Западноевропейская литература ХХ века: учебное пособие - Шервашидзе Вера Вахтанговна 19 стр.


Проблема реальности решается при помощи барочной структуры "текста в тексте". Встретившийся солдату мальчик провел его в кафе, на стене которого висела картина "Битва при Рейхенфельсе". Эта картина является зеркальным отражением всех персонажей романа: женщины, солдата, мальчика, завсегдатаев кафе – они все словно сошли с этой картины, повторяясь, располагаясь в эпизодах романа так, как изображены на полотне. Кольцеобразный лабиринт зеркал обусловливает бесконечное умножение реальности, которая всякий раз оказывается иллюзией и снова превращается в "реальность", приобретающую статус симулякра. Писатель создает самодостаточный автореференциальный текст, в котором мимезис заменяется семиозисом. "Шозистская" модель романа Роб-Грийе воплощает идею "тотального семантического хаоса, десемантизации истории, катастрофу смысла".

Натали Саррот (1900 – 1999)

"Тропизмы" Н. Саррот – это воплощение коллективного бессознательного, выражающегося в потоке неиндивидуальной, анонимной речи. В романах Н. Саррот "Портрет неизвестного" (1948), "Планетарий" (1959), "Золотые плоды" (1963), "Вы слышите их?" (1972) банальность и взаимозаменяемость тропизмов становится предметом изображения.

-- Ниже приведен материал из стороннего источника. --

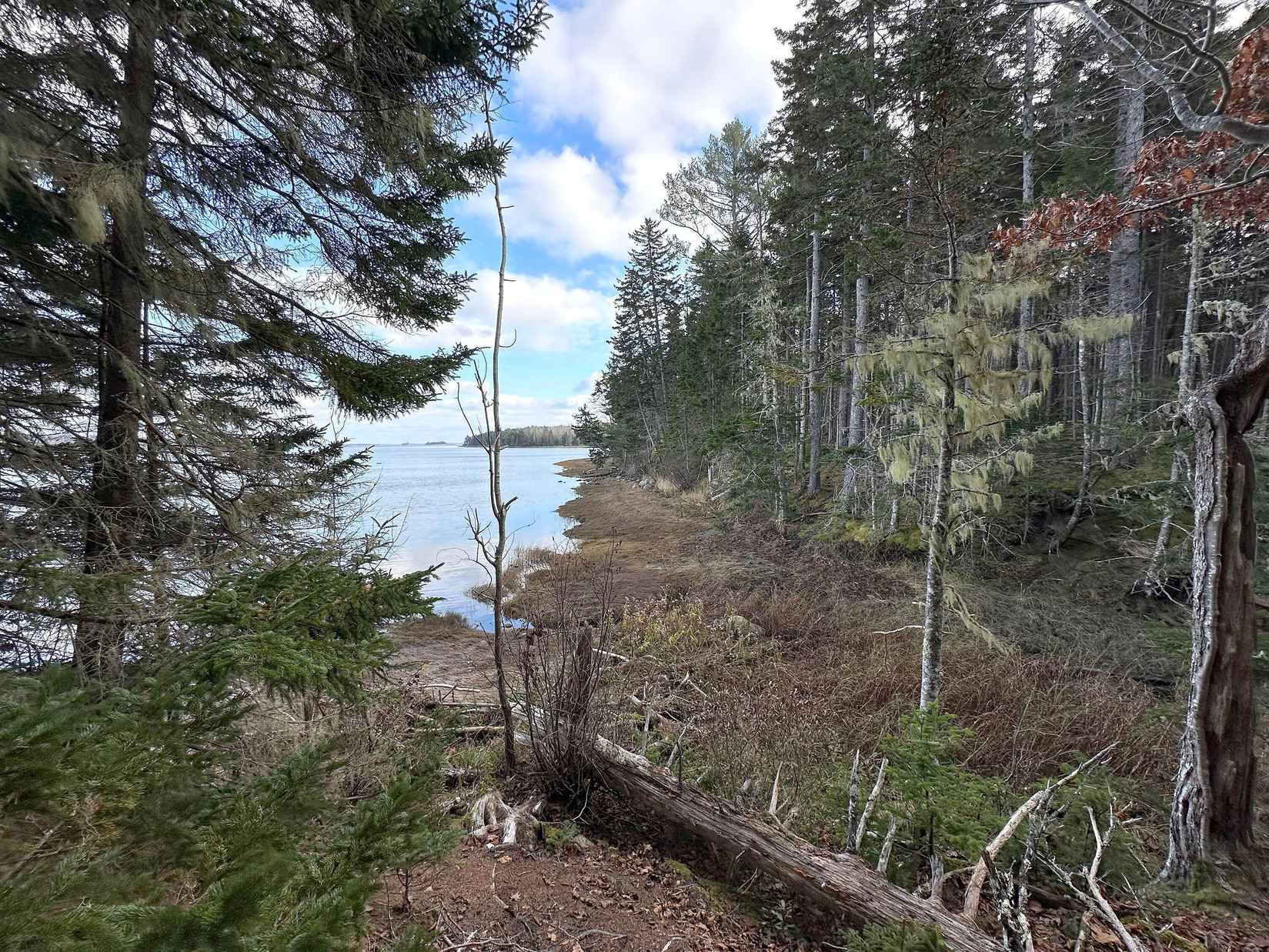 102 Naskeag Pt Rd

Поэтологические открытия Н. Саррот вписываются в общую тенденцию гуманитарных наук, в частности структурализма Р. Барта. В своей книге "Мифологии" (1957) Р. Барт выявляет на уровне коллективного бессознательного иррациональные мифологемы, определяющие социокультурный контекст и безликость массового сознания.

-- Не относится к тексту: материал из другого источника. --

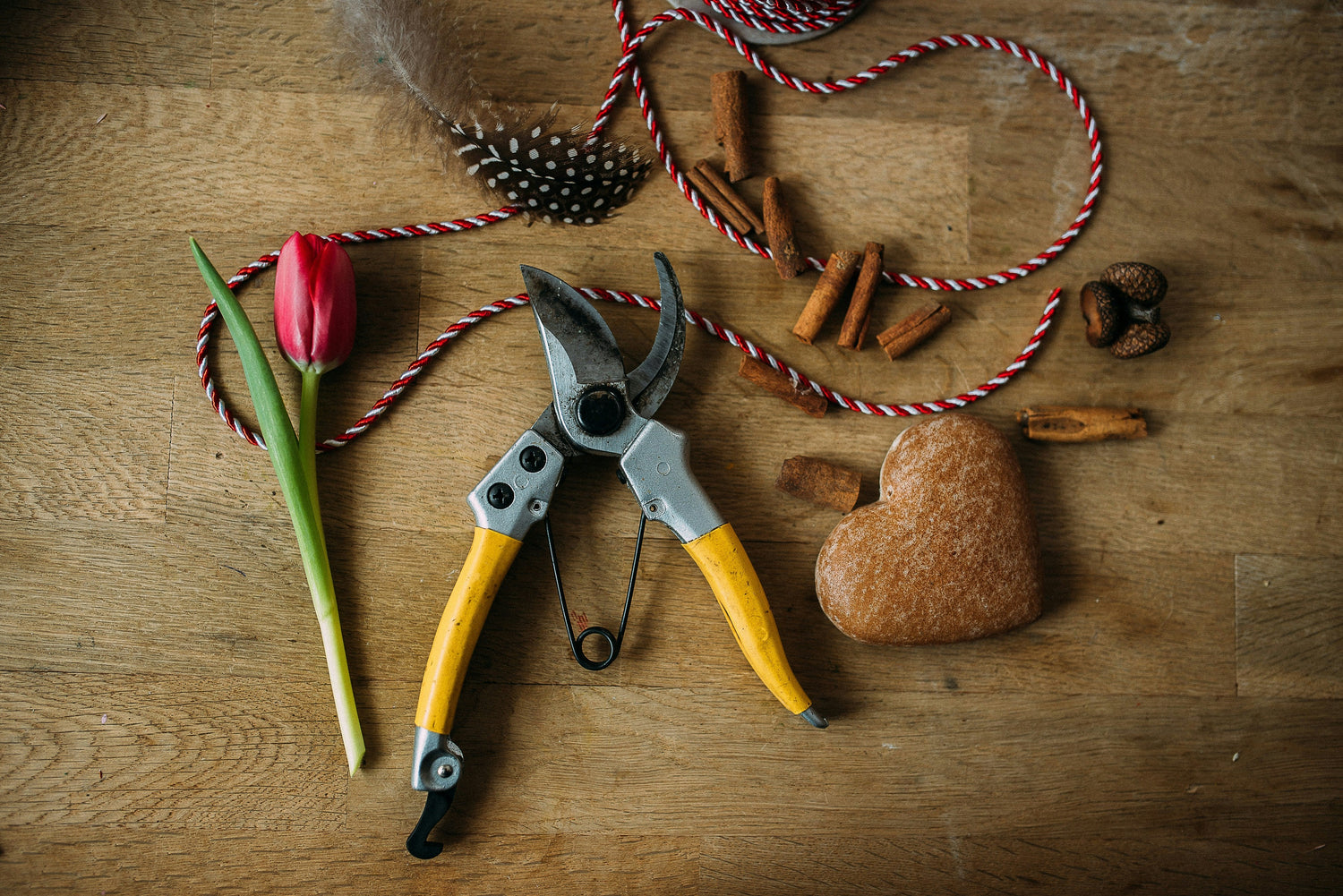 Garden Tools & Essentials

Роман "Вы слышите их?" пародирует традиционную тему отцов и детей. Конфликт разыгрывается в зоне тропизмов: идет диалог между импульсами, исходящими из глубин бессознательного. Н. Саррот создает архетипические конструкции коллективного бессознательного – вечный конфликт поколений, меняющий лишь формы проявления. "Мы даже сказали... желая вас порадовать... когда-нибудь и мы будем такими".

Вместо персонажей – безликая магма ощущений, воплощенных в местоименной форме "я", "он" ("другой"), "они", "мы". Взаимоотношение коррелируется сартрианской философией: "я" предстает как объект для других, как носитель тропизмов; "я" только наблюдает. "Я" и "он" находятся в состоянии постоянной вражды: "другой" для "я" – источник страха, агрессии.

"Они" – это людское сообщество, безликая масса, оперирующая здравым смыслом, стереотипами и клише поведения. Мир "антагонистов" ("я", "он", "они") постоянно меняется местами, накладывается один на другой, теряя семантическую и хронологическую конкретность, обретая функцию двойников – антагонистов. "Вы слышите их?... Мой отец говорил про нас... Они такие дурачки, только покажи палец, и они уже хохочут".

Художественные стратегии Н. Саррот разрушают все атрибуты традиционного романа, его пространственные и временные координаты. Создается "отстраненное" пространство текста, в котором время остановилось: "Время... оно остановлено... недвижное мгновение, застывшее в вечность".

Формальный эксперимент в "местоименном" романе Н. Саррот сочетается с онтологическими и экзистенциальными проблемами. Дублирование ситуаций, взаимозаменяемость персонажей, игры в достоверность / недостоверность, воплощают непроницаемость мира, неуловимую сущность "другого" и собственного "я".

Мишель Бютор (род. 1926)

М. Бютор, в отличие от А. Роб-Грийе и Н. Саррот, рассматривал литературу как "мозаичное" панно, составленное из достижений всей мировой культуры. Его тексты представляют коллаж цитат, аллюзий, ссылок на различные явления культуры (как массовой, так и элитарной). Писателю остается, по мнению Бютора, варьировать и пародировать уже созданное. В романах 1950-х годов "Миланский проезд" (1954), "Изменение" (1957), "Ступени" (1960) писатель использует прием "подвижного повествователя", т.е. переключение композиционной точки зрения с одного персонажа на другой.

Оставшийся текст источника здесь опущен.